OlympicTalk’s writers recount some of their favorite moments from the 2012 London Games.
One of the most triumphant series of events during the London Games began as one of the most controversial – and most awkward.
It started with South Korean fencer Shin A-Lam sitting on the fencing strip, sobbing uncontrollably after she lost a semifinal epee bout that would have advanced her to the gold-medal match.
Moments earlier Shin held priority - a tiebreak - over Germany’s Britta Heidermann when the clock was stopped at 0:01 in overtime. Neither woman had scored in extra session, but because Shin earned the final point during regulation, by rule she would win if the score remained when the clock ran out.
The match recommenced and both women scored simultaneous; offsetting touches. Play stopped but the clock remained at :01. The bout was restarted and again both women immediately scored simultaneous touches. The clock stayed at :01.

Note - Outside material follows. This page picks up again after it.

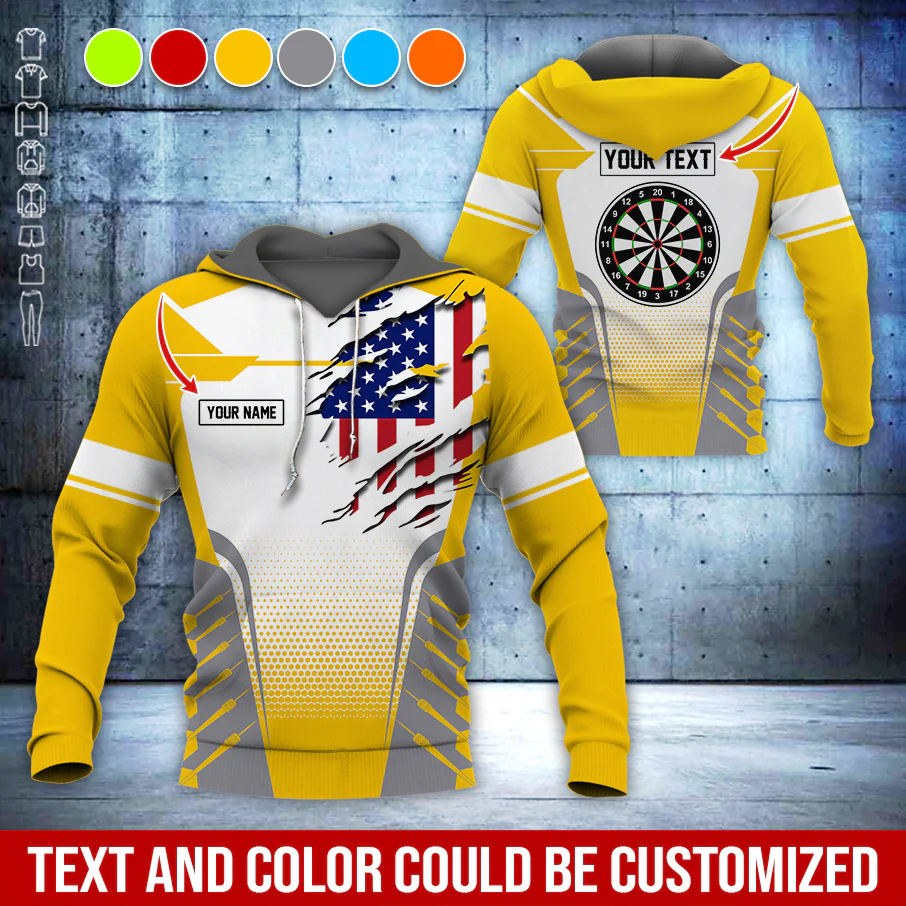 Customized Name & Text Darts Premium Hoodie, Custom Your Flag & Darts Hoodie, Perfect Gift For Darts Lovers, Darts Player - Image 6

“We’re talking fractions of a second here – has the clock even started?” the TV announcer wondered aloud.
Play was started a third time, Heidermann landed a quick touch and the final second on the clock ran off.
Incredulous that the clock had not moved at all during the two previous actions, Shin’s coach immediately argued with the judges. After 25 minutes of deliberation, the judges awarded the bout to Heidermann.

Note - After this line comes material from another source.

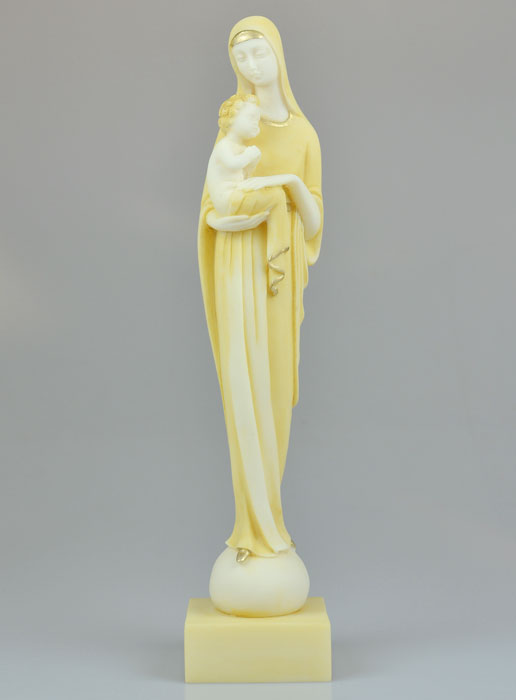 Statue Moderne Vierge à l'Enfant en Albâtre Peinte Main - 31 cm (pic 2)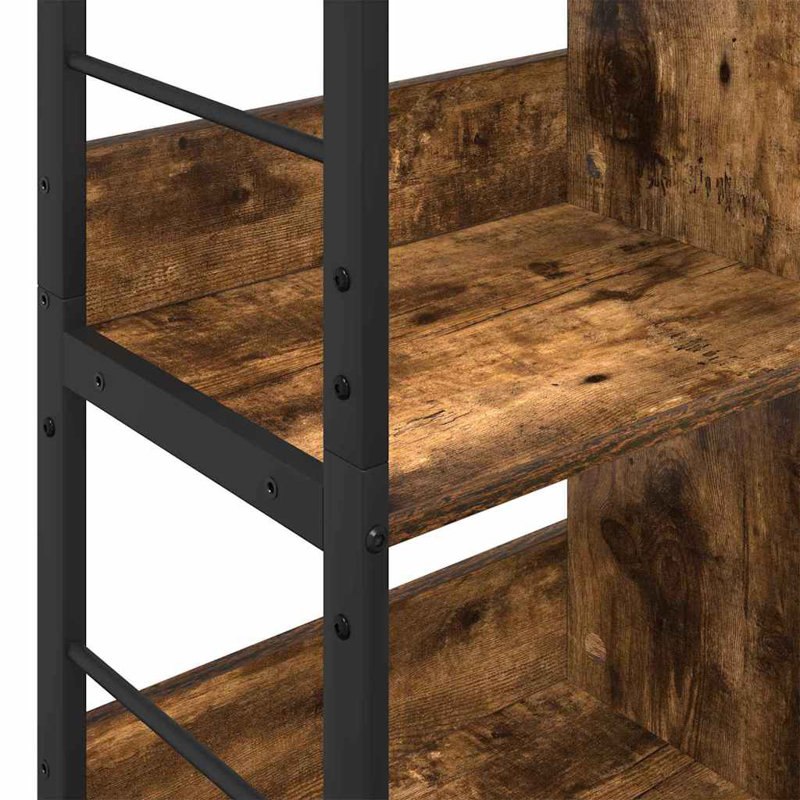 82cm W Steel Etagere Bookcase, (4 Shelves) 144.5cm. H x 82cm. W x 32cm. D, Smoked Oak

That’s when the real drama began: Shin refused to leave the piste, the elevated platform where fencers fight, because, by rule, a fencer who leaves the piste accepts the judges’ ruling on a bout.
So Shin stayed. And stayed.
For nearly 70 minutes Shin sat alone on the piste, sobbing, the uncomfortable drama all the more intense for its surroundings: All that was illuminated in the darkened ExCel arena was the piste itself – luminously brilliant in white, red and green – and Shin, still in her crisp white jacket.
Eventually the judges denied a formal appeal from her coach, and Shin was forced to leave. After losing the bronze-medal match, Shin was offered a consolation medal from fencing’s governing body.
She didn’t think much of the offer.
“It does not make me feel better because it’s not an Olympic medal,” she told the Guardian. “I don’t accept the result because I believe it was a mistake.”
Robbed, as she saw it, of an individual medal and disdainful of a sympathy medal, Shin refused to leave London empty handed.
She didn’t. Five days later she and her South Korean teammates stormed to a silver medal triumph in the women’s team epee competition.
“I am really happy now,” she told the Associated Press. “My teammates and people back in [South] Korea gave me wonderful support this week.”